⟨
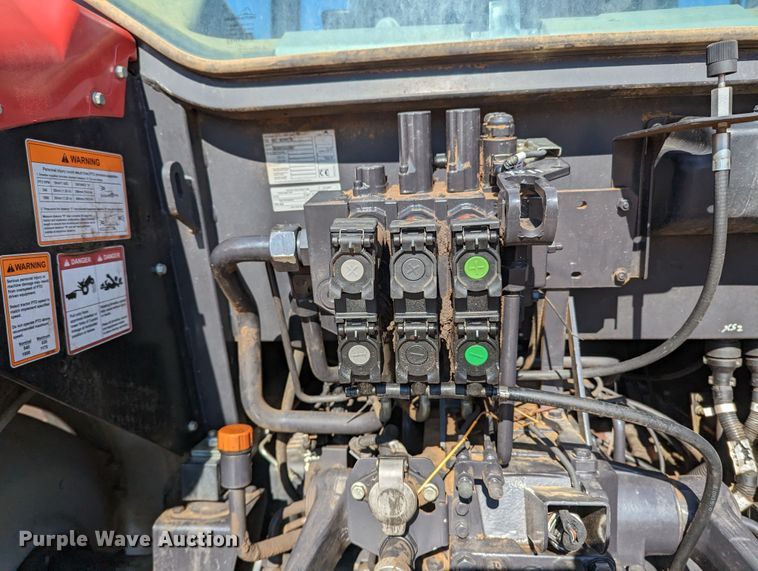 image for item LF9694 2019 McCormick X6.430  MFWD tractor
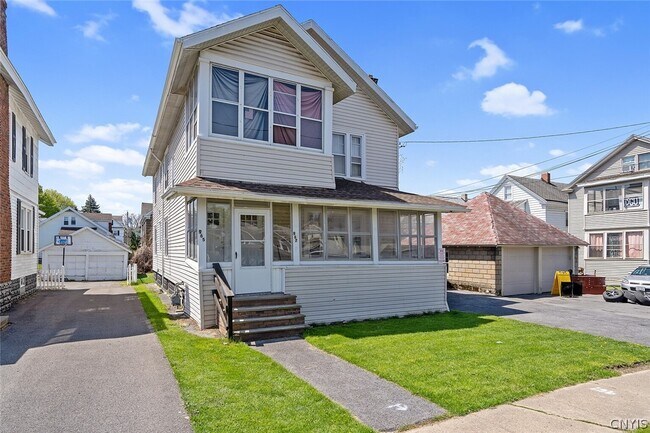 Foto del edificio - 967 Wadsworth St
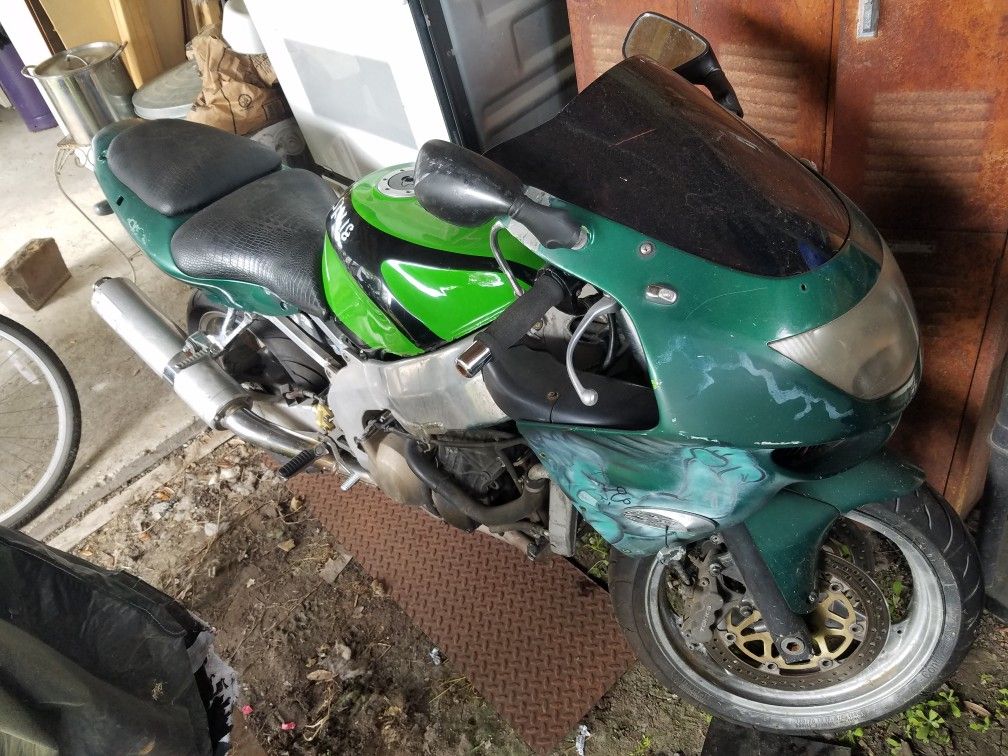 1999 Kawasaki Ninja Zx6 With Title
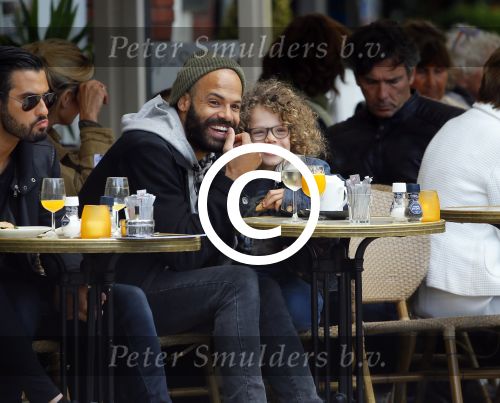 Amsterdam 27 mei 2015
Alain Clark met zijn zoon Nilo op de fiets en op terras in Amsterdam zuid.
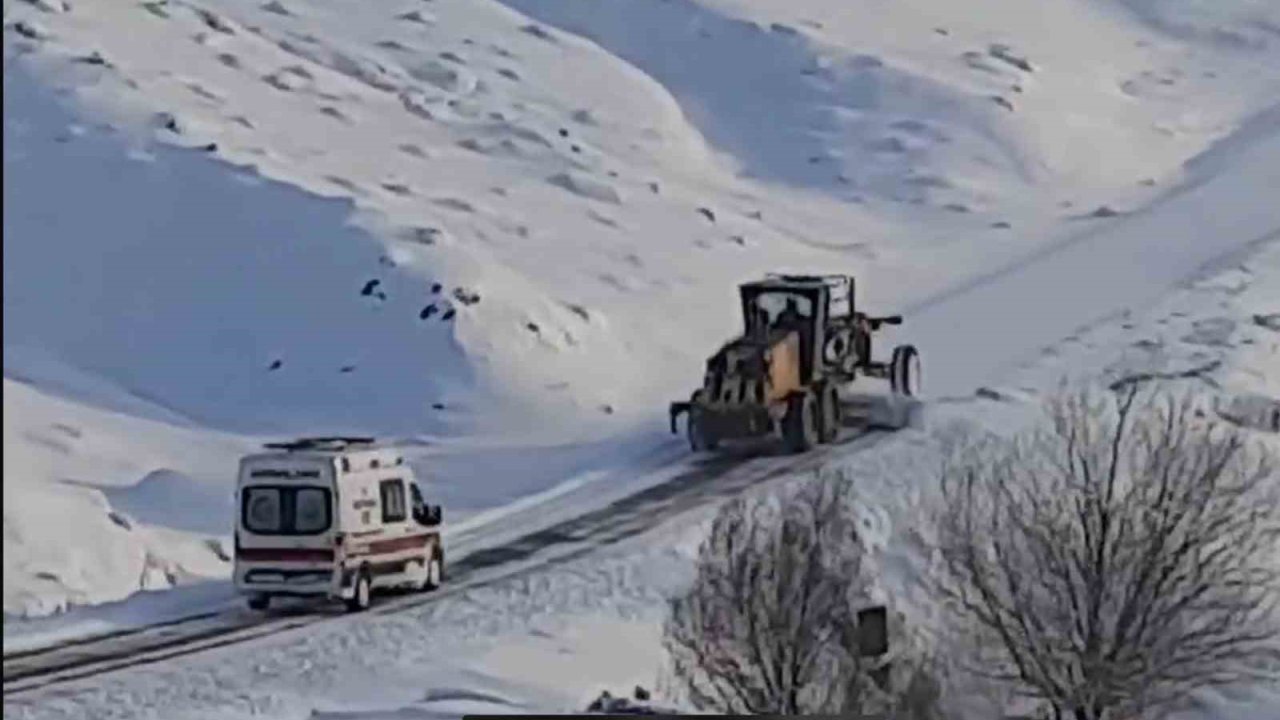 Elazığ’da zorlu kış şartlarında ekipler engel tanımadı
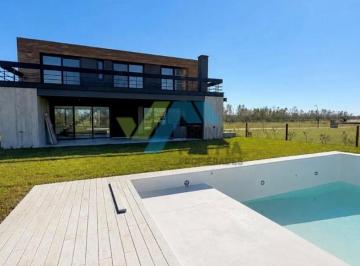 Casa · 296m² · 5 Ambientes · 2 Cocheras · Casa en Venta en Amarras, Puertos, Escobar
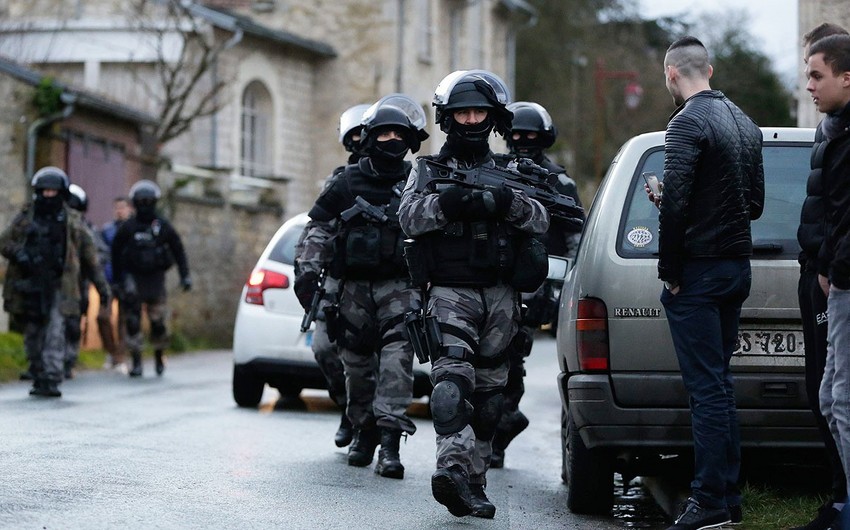 Fransada gələn ildən polisin maaşı artırılacaq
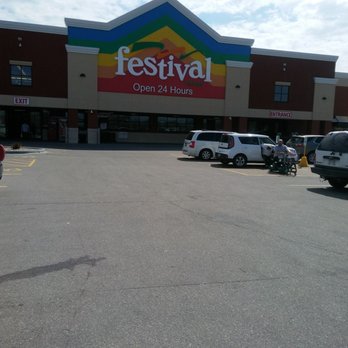 Festival Foods - the outside of the store - Grocery Near Me - Menasha, Wisconsin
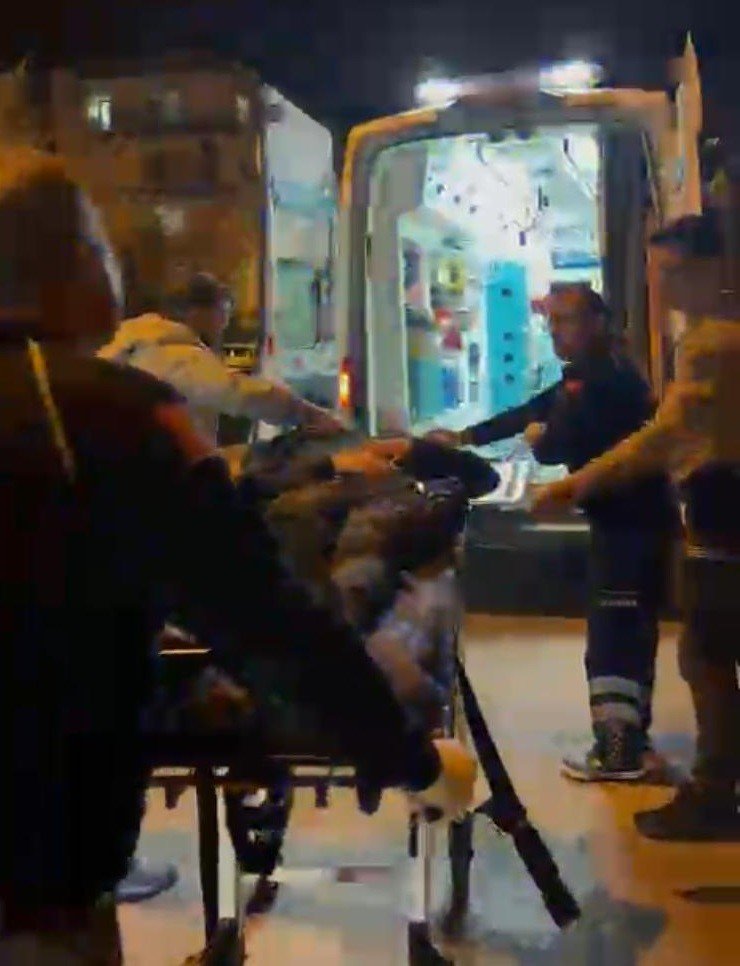 Boynundan Bıçaklandı O Anlar Kamerada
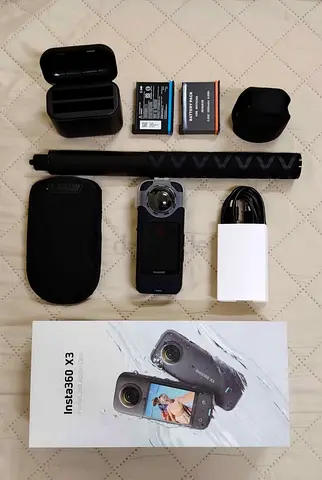 Insta360 X3 camera with accessories - good condition
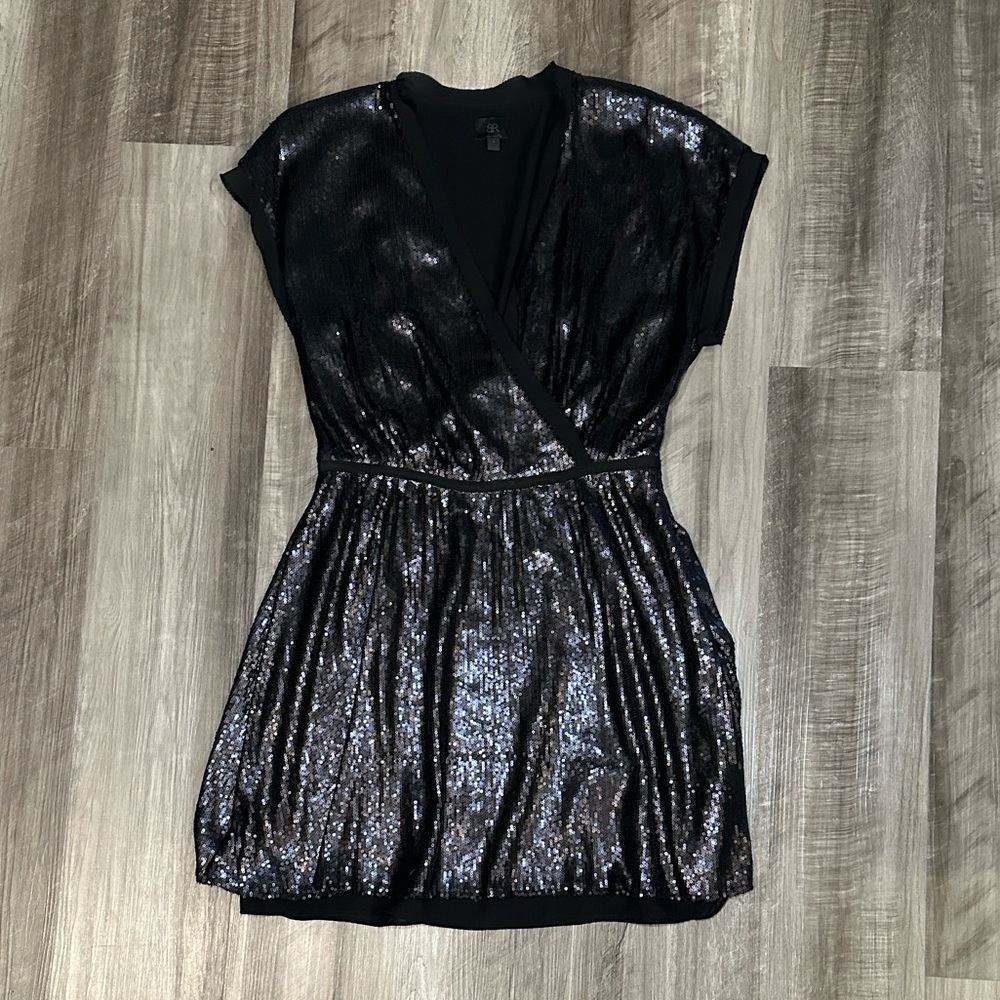 Banana Republic Monogram Black Sequin Dolman Sleeve Wrap V Cut Dress - 8
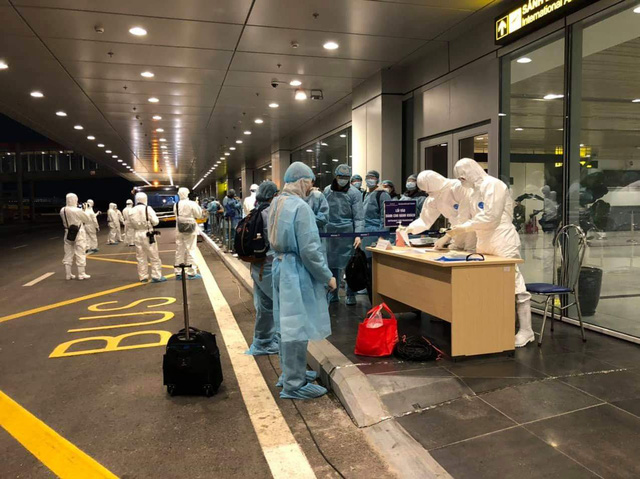 Cách ly y tế hơn 400 hành khách từ Hàn Quốc về sân bay Vân Đồn, Cát Bi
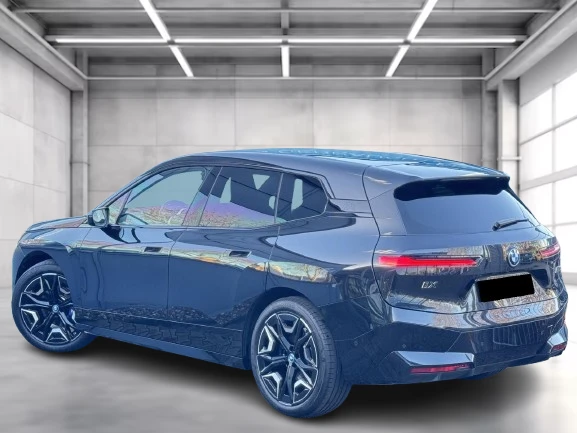 BMW iX M60 = M-Sport = Гаранция, снимка 2 - Автомобили и джипове - 53354632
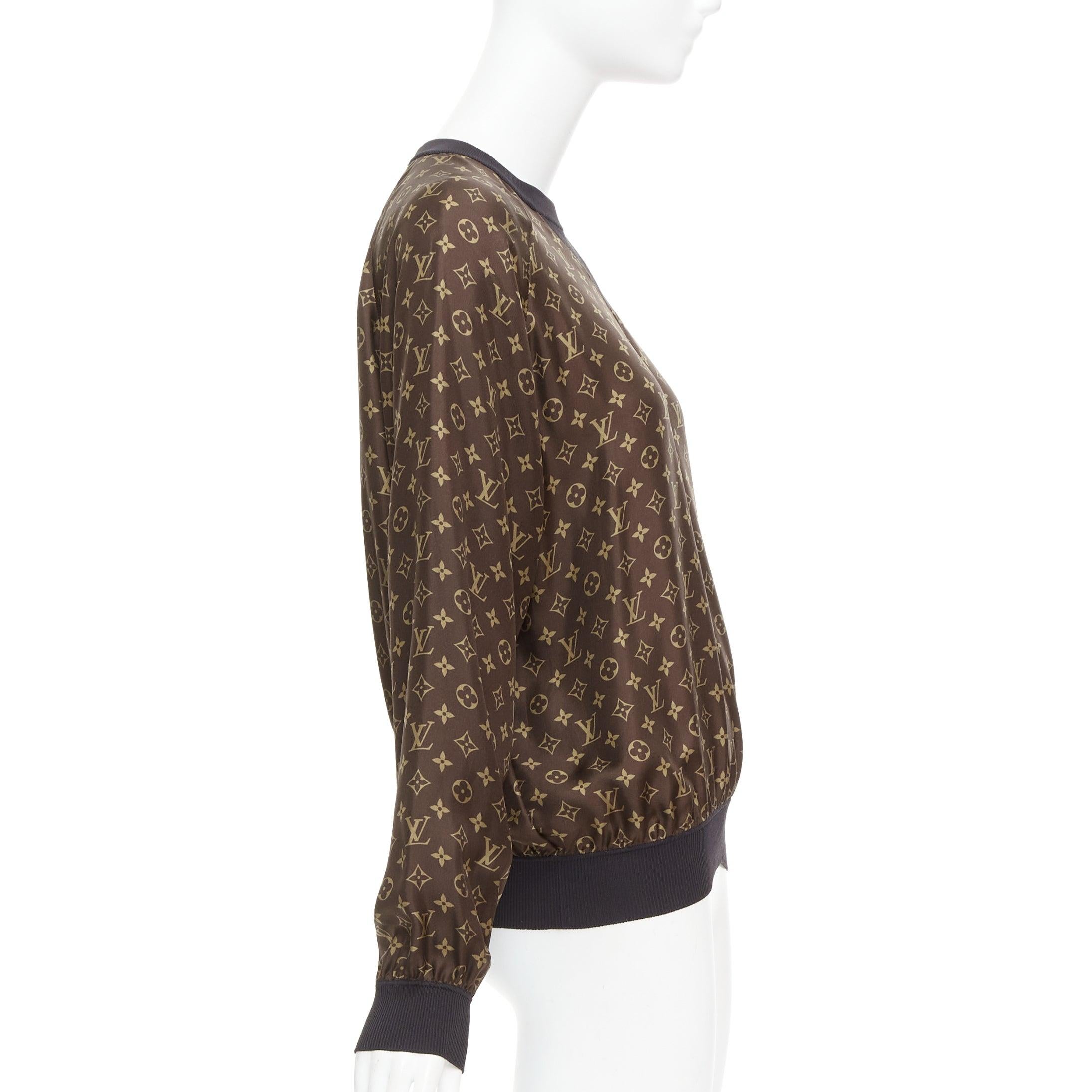 LOUIS VUITTON brown 100% silk LV monogram pullover sweater Nicki Minaj In Good Condition For Sale In Hong Kong, NT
⟩
Starting at the first entry above and ending at the last, write everything out exactly except the pictures.

 image for item LF9694 2019 McCormick X6.430  MFWD tractor
 Foto del edificio - 967 Wadsworth St
 1999 Kawasaki Ninja Zx6 With Title
 Amsterdam 27 mei 2015
Alain Clark met zijn zoon Nilo op de fiets en op terras in Amsterdam zuid.
 Elazığ’da zorlu kış şartlarında ekipler engel tanımadı
 Casa · 296m² · 5 Ambientes · 2 Cocheras · Casa en Venta en Amarras, Puertos, Escobar
 Fransada gələn ildən polisin maaşı artırılacaq
 Festival Foods - the outside of the store - Grocery Near Me - Menasha, Wisconsin
 Boynundan Bıçaklandı O Anlar Kamerada
 Insta360 X3 camera with accessories - good condition
 Banana Republic Monogram Black Sequin Dolman Sleeve Wrap V Cut Dress - 8
 Cách ly y tế hơn 400 hành khách từ Hàn Quốc về sân bay Vân Đồn, Cát Bi
 BMW iX M60 = M-Sport = Гаранция, снимка 2 - Автомобили и джипове - 53354632
 LOUIS VUITTON brown 100% silk LV monogram pullover sweater Nicki Minaj In Good Condition For Sale In Hong Kong, NT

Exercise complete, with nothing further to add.